Hedy Lamarr, billed as Hedy Kiesler at the time, was only eighteen when she starred in Gustav Machatý’s film Extase (1933). Significant as an early progenitor of Poetic Realism, Extase has become best known for its infamous sequence of a wholly nude Lamarr bathing in a pond and pursuing her horse through a forest. Nevertheless, Extase represents Machatý at the peak of his powers and remains an affecting cinematic experience.

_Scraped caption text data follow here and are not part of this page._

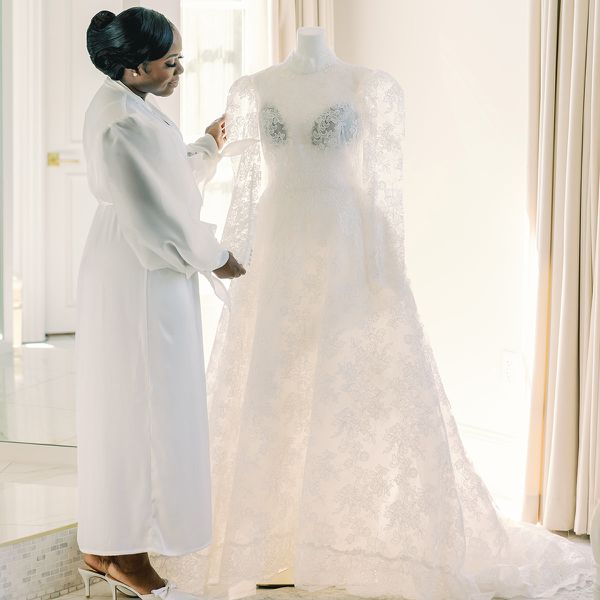a bride admiring her wedding dress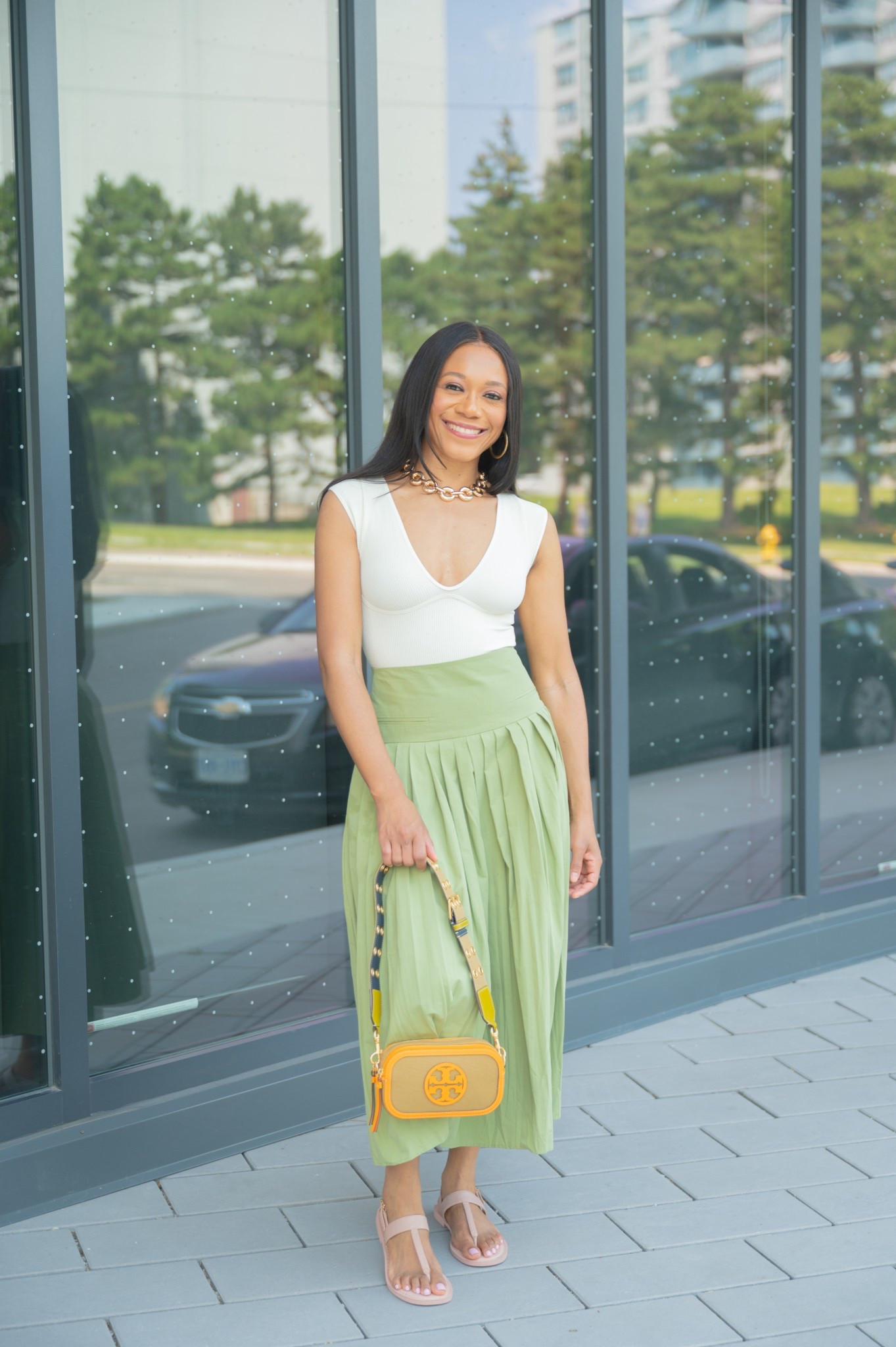 Spring outfit inspiration. I absolutely love a flowy full midi skirt. I paired it with a bodysuit and the Tory Burch mini miller crossbody one of favourites!

Spring outfit 2026, resort wear, vacation outfit, date night outfit, summer outfit, summer concert outfit, how to style, midi skirt, concert bag, mini bag 

#LTKTravel #LTKootd #LTKFestival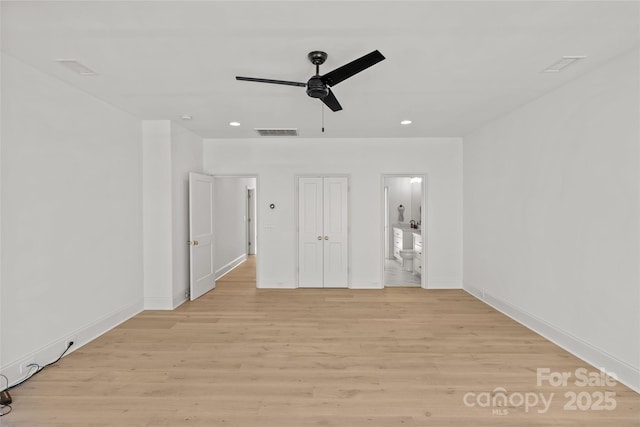 unfurnished bedroom with ceiling fan, light hardwood / wood-style floors, and a closet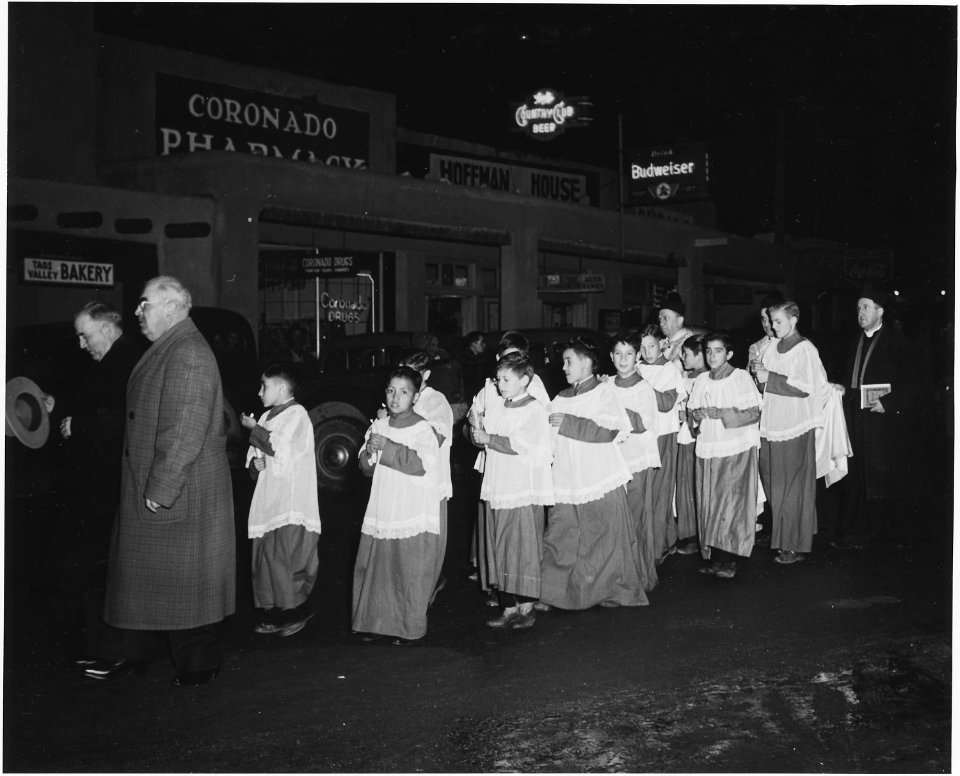 Taos County, New Mexico. Fiesta of Guadalipe, Taos. Following vespers, congregation leaves church, . . . - NARA - 521956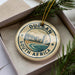 A decorative ornament with the text "DURBAN SOUTH AFRICA" and a cityscape image, placed in a box with pine branches.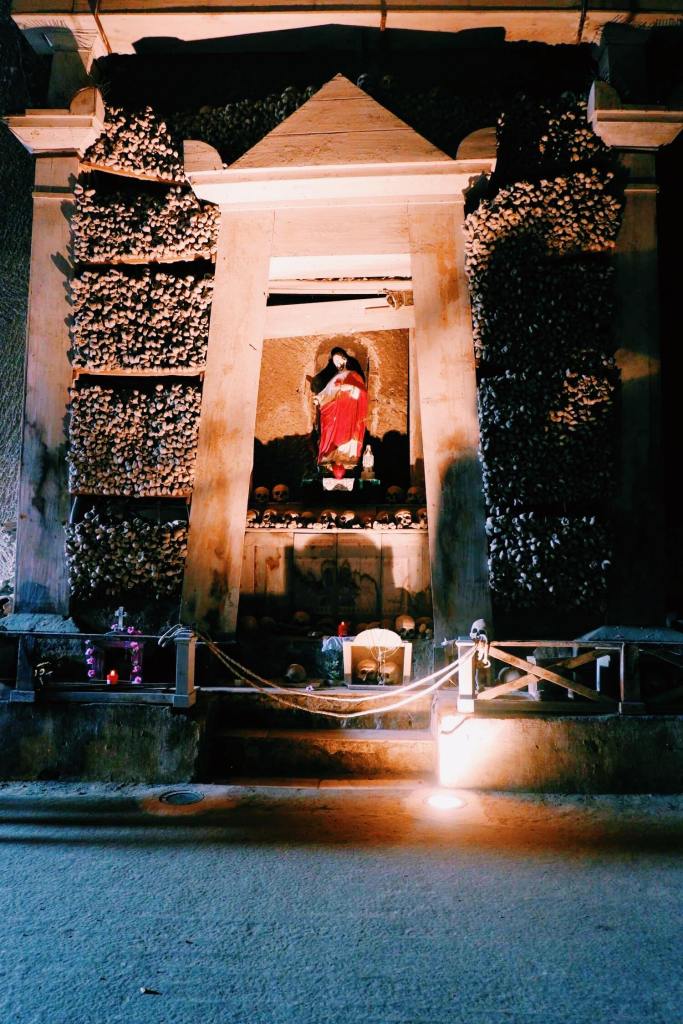 Cimitero Delle Fontanelle. Shrine of long bones and skulls with a statue of Christ lit in the centre. 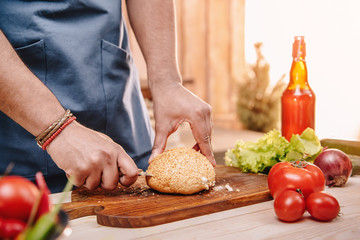 man making burgers and cutting red tomatoes outdoors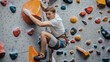 © Alfazet Chronicles - Young man climbing indoor rock wall with safety harness and colorful holds in a climbing gym.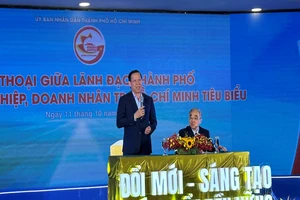 Chủ tịch Ủy ban nhân dân Thành phố Hồ Chí Minh Phan Văn Mãi (người đứng) và Chủ tịch HUBA Nguyễn Ngọc Hòa đối thoại với doanh nghiệp, doanh nhân tại buổi lễ.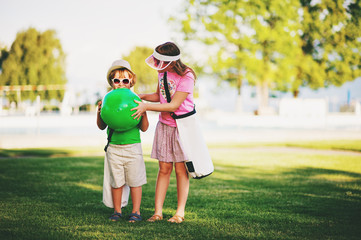 Fototapeta premium Two funny kids in green park. Little boy and girl ready to go to the pool on a hot summer day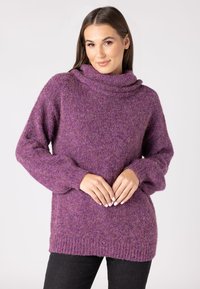Maglione lavorato a maglia viola con collo a cascata, maniche lunghe e orlo a coste. Il materiale appare morbido e caldo.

Extase moves to a rhythm set by Giuseppe Becce’s saccharine orchestral score. With the exception of those half-dozen scenes with dialogue, Extase is essentially a silent film. As Becce’s music pulls the tender heart strings of the viewer Machatý serves up sensual images of desire. The vast open sky of the countryside represents a youthful freedom while bees and flowers signify intercourse and horses represent lust. Every cut in the picture’s montage coincides with the movements of the music and offers a variety of images that break down Machatý’s picturesque tableaus into a series of suggestive details.

The ebb and flow of these visual and auditory rhythms is only ever interrupted by scenes with dialogue. In these moments Machatý must curb the freedom of his camera and, by extension, his use of montage. Although Machatý becomes more adept at disguising these aesthetic shifts as Extase plays on it remains generally disruptive.

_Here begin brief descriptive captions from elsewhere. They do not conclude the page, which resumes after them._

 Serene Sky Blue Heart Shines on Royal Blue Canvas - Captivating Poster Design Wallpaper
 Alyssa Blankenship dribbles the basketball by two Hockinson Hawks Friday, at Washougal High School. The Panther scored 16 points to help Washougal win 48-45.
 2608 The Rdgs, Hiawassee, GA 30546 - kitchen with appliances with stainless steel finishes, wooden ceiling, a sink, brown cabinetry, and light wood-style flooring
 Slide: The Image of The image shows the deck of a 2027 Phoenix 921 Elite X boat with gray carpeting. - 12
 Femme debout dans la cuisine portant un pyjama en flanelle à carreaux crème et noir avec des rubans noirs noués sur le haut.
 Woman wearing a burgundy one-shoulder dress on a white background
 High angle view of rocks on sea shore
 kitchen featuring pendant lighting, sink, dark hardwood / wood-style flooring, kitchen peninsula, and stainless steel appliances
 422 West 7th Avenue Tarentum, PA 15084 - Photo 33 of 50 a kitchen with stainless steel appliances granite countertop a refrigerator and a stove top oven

The plot of Extase is brilliantly simple and economical. It begins with Eva’s (Lamarr) marriage to the much older Emil (Zvonimir Rogoz). Over the course of two amazing sequences Machatý suggests all of their differences that lead to the inevitable divorce. Once living with her father again, Eva accidentally meets and falls in love with a rugged engineer named Adam (Aribert Mog). When Emil attempts to woo Eva back only to discover her affair with Adam he takes his own life. Unable to live with this guilt, Eva leaves Adam and disappears only to have his child.

The plot of Extase is very much rooted in late nineteenth century realism. Of course there’s the obligatory socialist propaganda shoehorned in, but it’s really Machatý’s strong sense of stylization that gives Extase a very modern feel. This fusion of expressionistic devices with the tradition of literary realism is essential to the development of Poetic Realism. What Machatý does with Extase is to tell the story almost entirely with images alone that are reflective not of any character’s point of view, only his own.